22. Project Instructions
Project Instructions
Role Selection
It's time for you to practice your interviewing skills! Over the next several pages, you'll see that we have specific roles in Autonomous Systems, just like the videos you watched before:
- Perceptions/Sensors
- Deep Learning
- Motion Planning
- Mapping/Localization
- Control
First, you need to select a single role that you are interested in. While you are welcome to read through and practice any of the questions under the other pages, for the project, you are going to focus on just one area. We've also included a General page that has some additional questions you can practice, but aren't part of the project itself.

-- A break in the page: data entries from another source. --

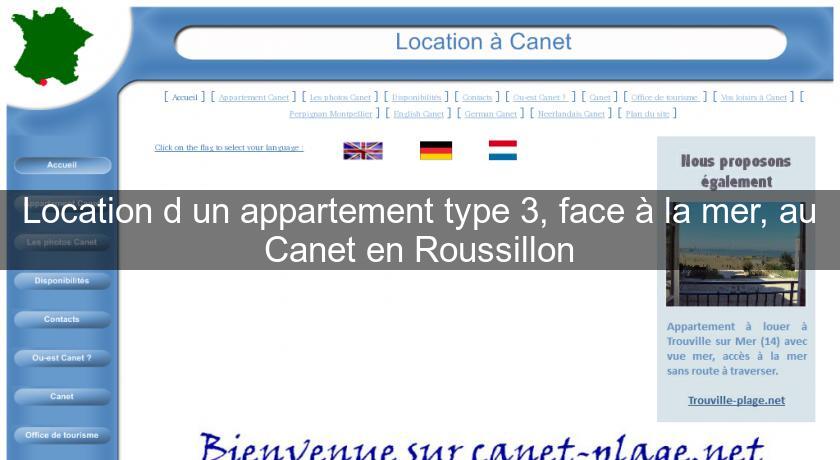 Location d'un appartement type 3, face à la mer, au Canet en Roussillon Location d'un appartement type 3, face à la mer, au Canet en Roussillon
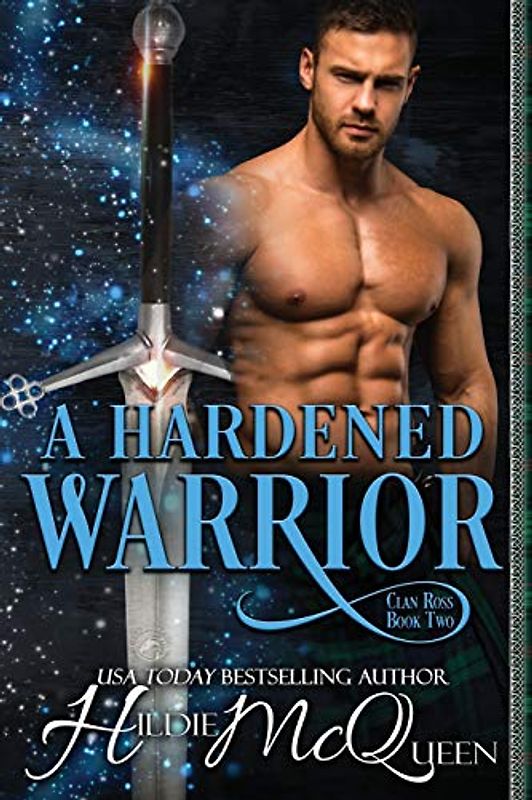 A Hardened Warrior (Clan Ross, Band 2)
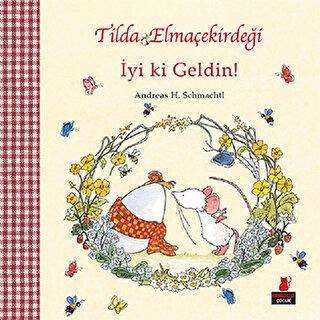 Tilda Elmaçekirdeği - İyi ki Geldin! - Kırmızı Kedi Çocuk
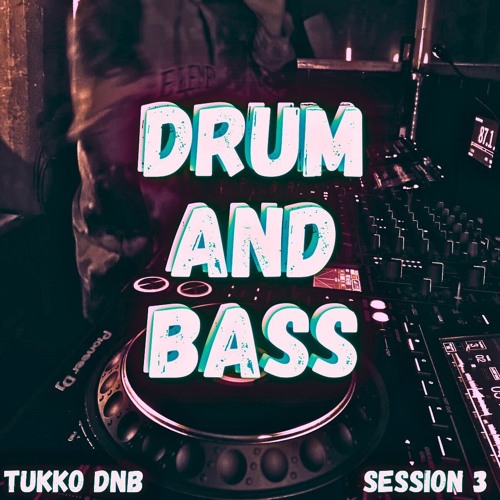 Tukko Session 3 Drum And Bass
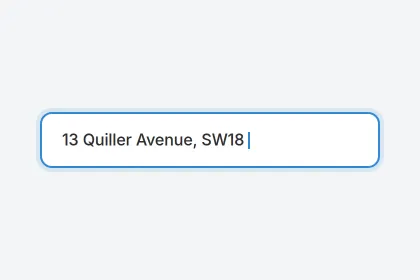 A search field with the address “40 Quiller Avenue, SW18” entered.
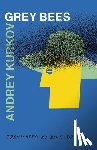 Kurkov, Andrey - GREY BEES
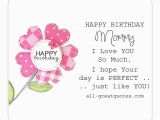 Birthday Card Poems Mom Free Birthday Cards Happy Birthday Mommy I Love You so Much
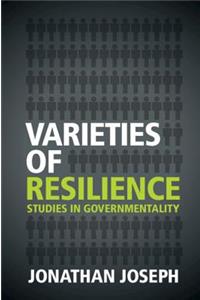 Varieties of Resilience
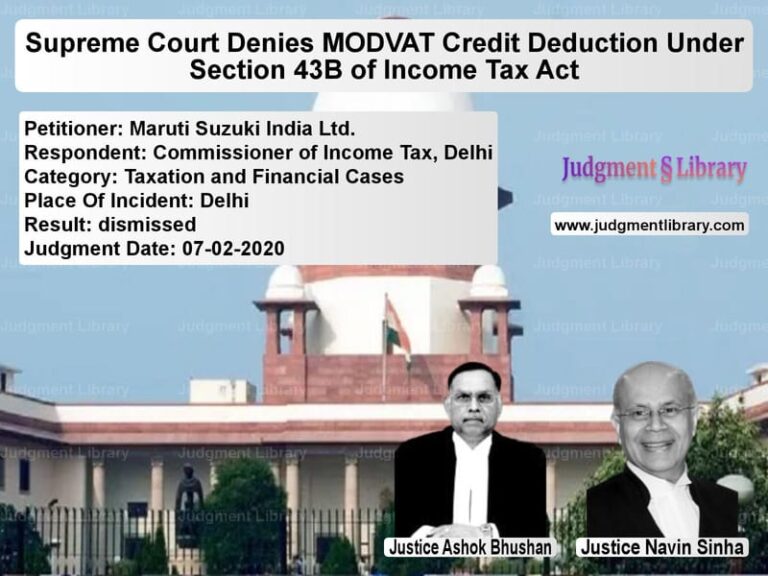 Featured image for Supreme Court Judgment dated 07-02-2020 in case of petitioner name Maruti Suzuki India Ltd. vs Commissioner of Income Tax, De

Question Selection for Your Role
Once you've decided on a role, you can click on that role's page for a list of related questions. While we'll repeat these requirements again for simplicity on each page, for your selected role, you'll need to:
- Answer the required question related to a recent project you've worked on, similar to the My Own Project video you watched earlier
- Select and answer three questions specifically related to your role from the page
- At least one of the three role-specific questions must be a coding-based question marked with [Code] .
- You are welcome to include code or any desired drawings and diagrams to further detail your answers for other questions as well, although it is not required. We do encourage you to do this for all your answers though, as that would likely be what your interviewer desires from you!
Question Follow-ups
You may have noticed throughout the interview videos before that the interviewers have follow-up questions to extend their original questions, or to clarify something the candidate discussed. In order to pass the project, you should also clearly denote at least one potential relevant follow-up question for each question above, and also provide a sufficient answer for it.
What to Submit
You may submit your interview questions as .pdf, text editor file, etc.
For code questions, we suggest submitting the code portion as
.cpp
files so that your reviewer can easily view them in their favorite IDE, and referring to any specific lines in your written response as necessary.
You may submit the files as either a
.zip
file (suggested) or by uploading to a Github repository and submitting from there.
Evaluation
Once you have completed your project, use the Project Rubric to review the project. If you have covered all of the points in the rubric, then you are ready to submit! If you see room for improvement in any category in which you do not meet specifications, keep working!
Your project will be evaluated by a Udacity reviewer according to the same Project Rubric . Your project must "meet specifications" in each category in order for your submission to pass.